I just read a sad story about a young man, Tyler Clementi, apparently gay, who killed himself after discovering that his roommate had wired their room and secretly taped and broadcast Tyler having an initmate encounter. I can't imagine that Tyler's roommate would have guessed how Tyler would take this invasion of privacy and public humiliation - I hope he regrets his actions.
I can only guess why Tyler's roommate would do such a thing - did he think it was funny? Perhaps he thought his college buddies would think it was funny, but did he even stop to think how Tyler would feel? My guess is no - or worse, that he knew Tyler would be upset, hurt, and embarassed - but maybe that reaction would just add to the fun. I really can't stand people who think that hurting or embarassing others is fun or funny.
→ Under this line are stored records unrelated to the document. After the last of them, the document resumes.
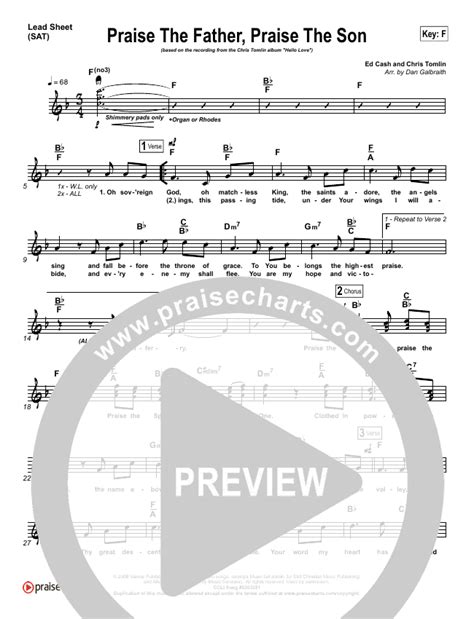 Praise The Father Praise The Son Sheet Music (Chris Tomlin) - PraiseCharts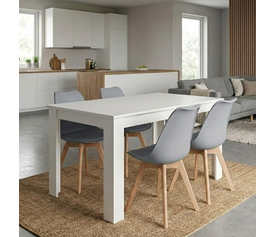 Σετ τραπεζαρία 5τμχ Darlen - Viva χρώμα λευκό - γκρι 125x72x74εκ.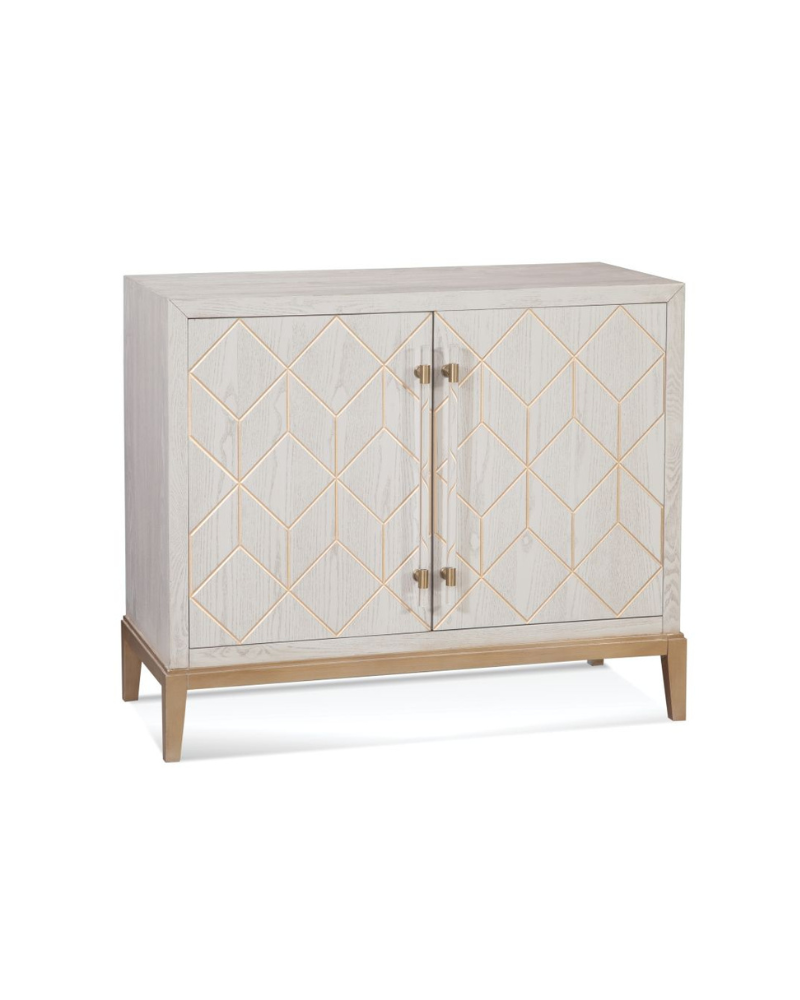 Geometric Nightstand - White and Antique Gold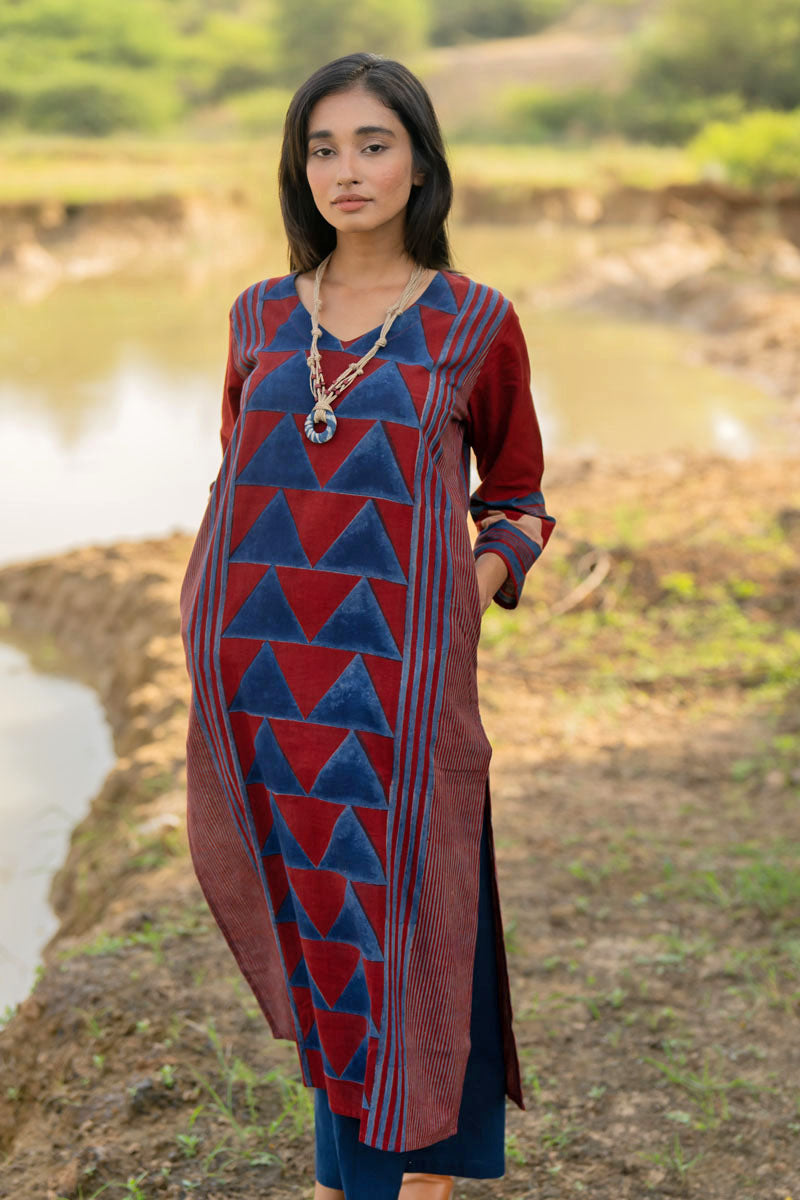 Classic Kurta - Red Pyramid Panel
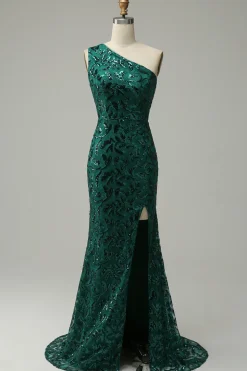 Sereia Um Ombro Verde Escuro Lantejoulas Vestido de Festa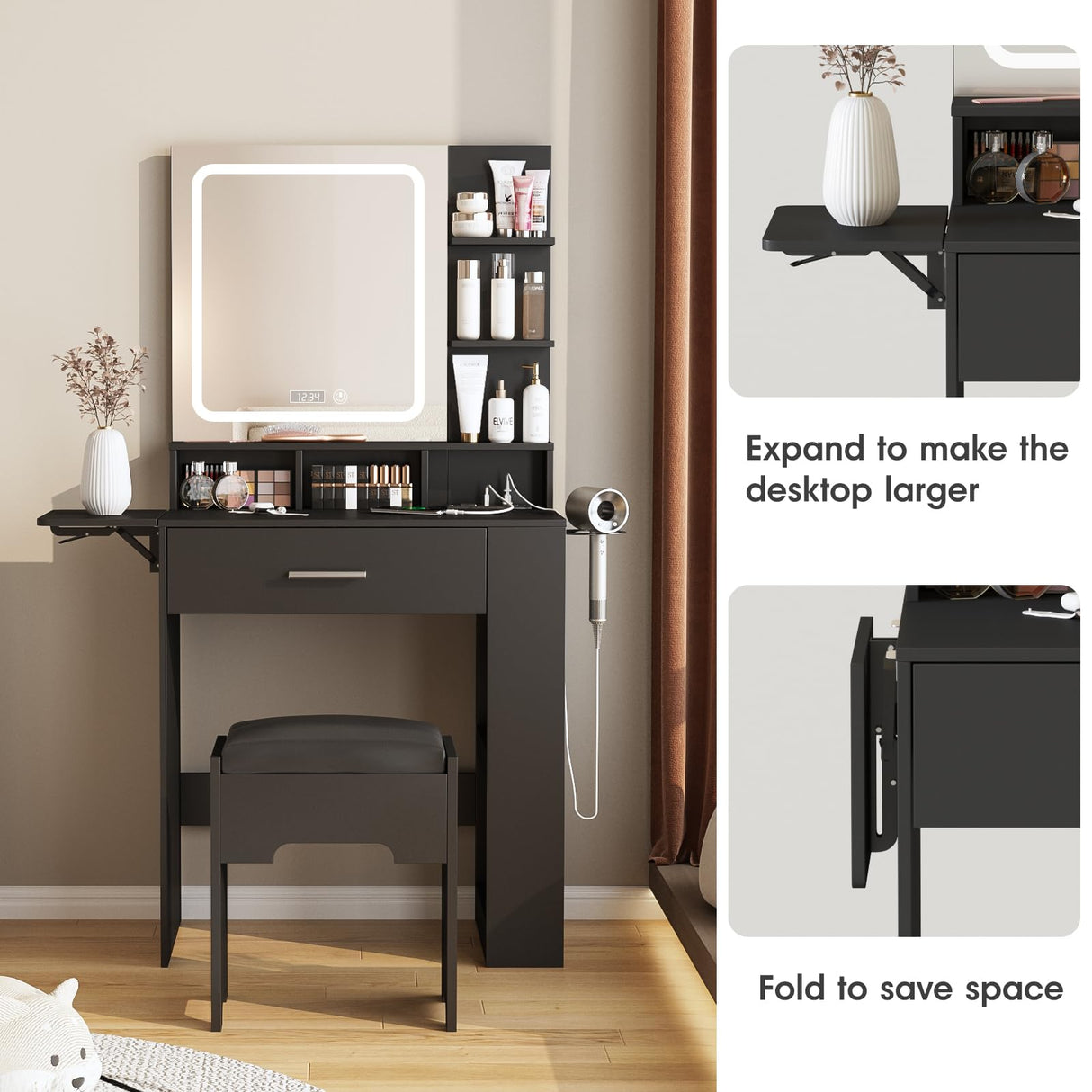 Fameill Vanity Desk with Mirror and Light, Small Vanity with Drawer & Shelves, Black Vanity with Charging Station & Time Display, Vanity Table with Storage Stool, Makeup Vanity for Bedroom Fameill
When I was a kid, as young as 5 or 6, my mom would ask me - how would you feel if someone did that to you? I was asked this whenever I let my friends make fun of my sister or other kids. I was asked this when I trampled on the neighbors garden so I could pick their raspberries. I was asked this when I tried to lie to get away with what I wanted - and over time I developed empathy. It took awhile, but eventually, I came to a point where I could truly put myself in someone else's shoes and know what it would feel like to be humiliated, to be hurt, to be embarassed. Some of those lessons came when I, myself, was the brunt of jokes or public humiliation - or when no one would stand up for me. Then I really knew how it felt - and vowed to never, ever make someone else feel that way and I started standing up to bullies, calling people on insensitive comments, or distancing myself from people who were insensitive to other's feelings. I even started reaching out to people who seemed to be lonely and made some really, really cool friends that way. But I hope that people don't have to experience that kind of pain to develop empathy.
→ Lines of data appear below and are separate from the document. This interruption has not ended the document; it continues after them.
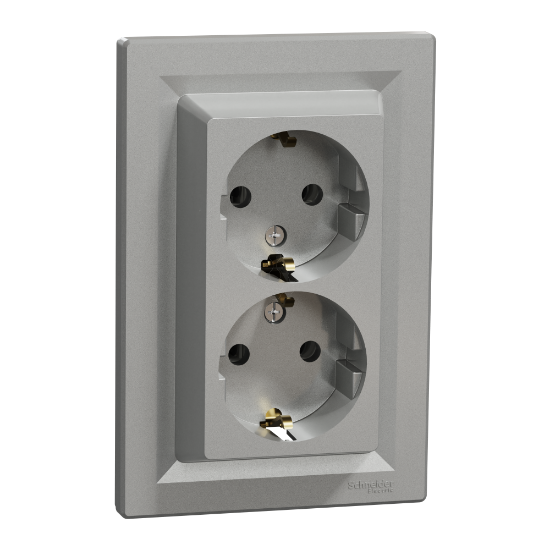 Imagem de Asfora - Tomada 2P+T dupla - 16A - Alumínio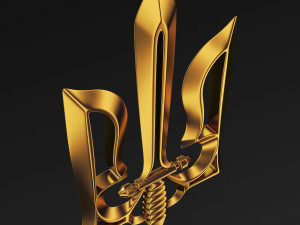 Stylized Ukrainian Tryzub M 1 3D Model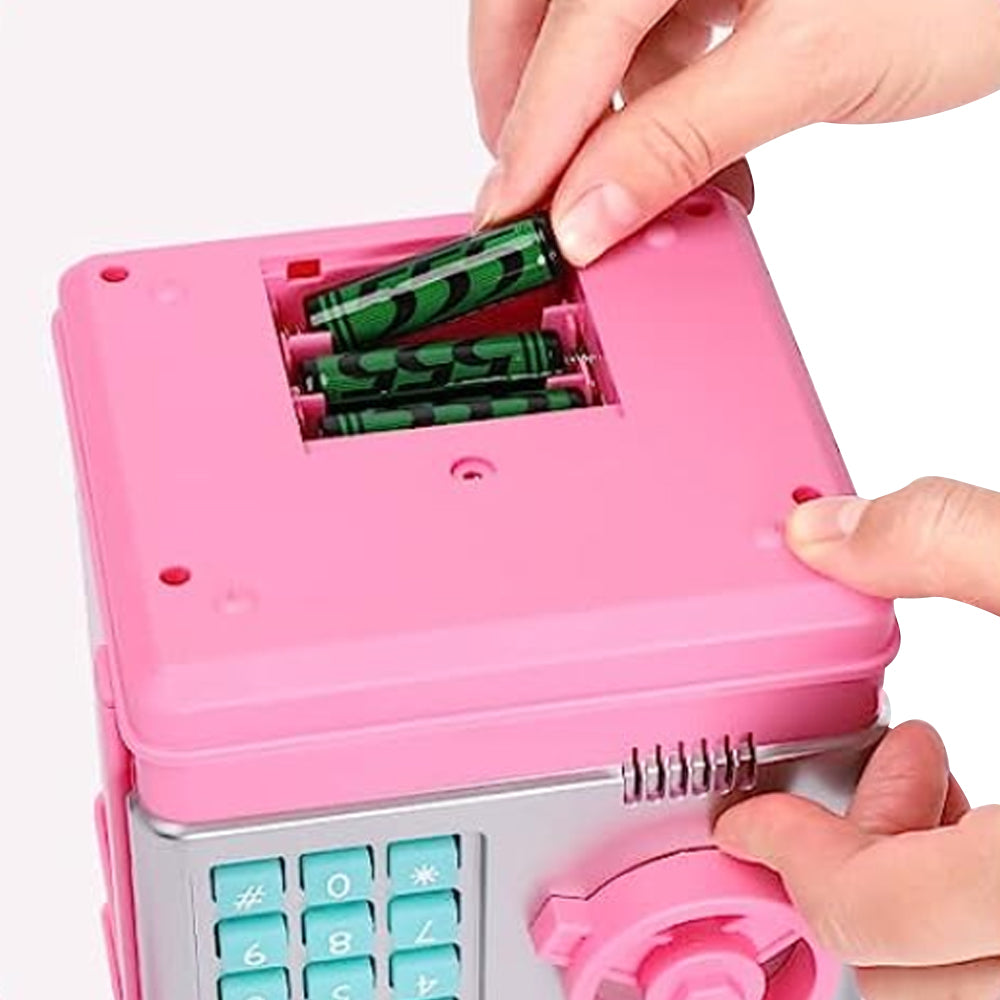 Piggy Bank Electronic ATM Password Cash Coin Can Scroll Paper Money Saving Box Gift -Pink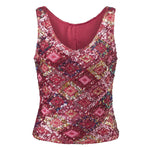 Summer Women Sequin Tank Tops Sparkly Graphic V Neck Vest Fashion Stylish Sleeveless Shirts Casual Office Daily Streetwear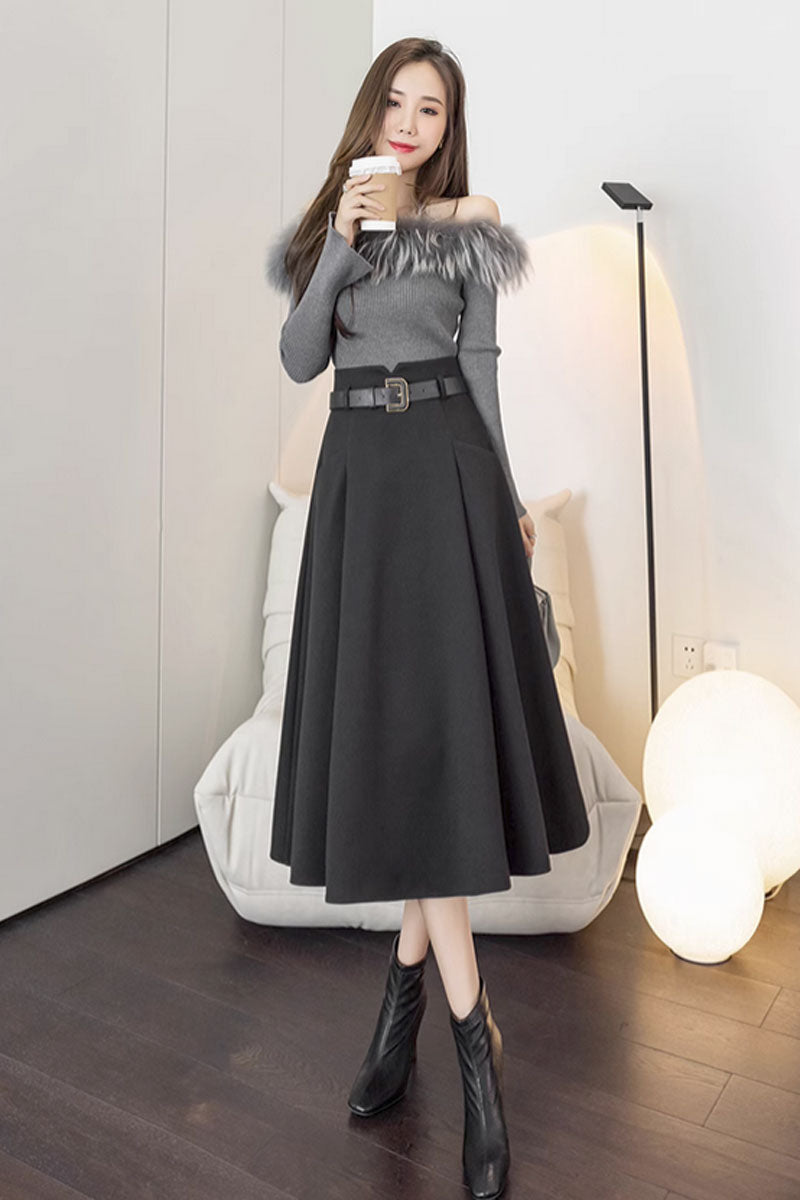 High waisted a line winter wool skirt with pockets C3432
The thing about empathy is you really have to consider that someone might take teasing differently than you do. Some things aren't easy to shrug off - maybe they are for you - but not someone else. Sometimes we need to stand up to others who want to humiliate others and say, "I don't want to participate in that." I wonder if Tyler's roommate would have accomplished his "trick" if it weren't for another dorm student who let him use her computer to broadcast shy Tyler's evening with his boyfriend? If she had thought, "how would I feel if someone broadcast me making out with my boyfriend on the internet without my knowledge?" perhaps Tyler would still be alive today. We'll never know.
But for now, I wish that empathy could exist in the hearts of all humans for all humans.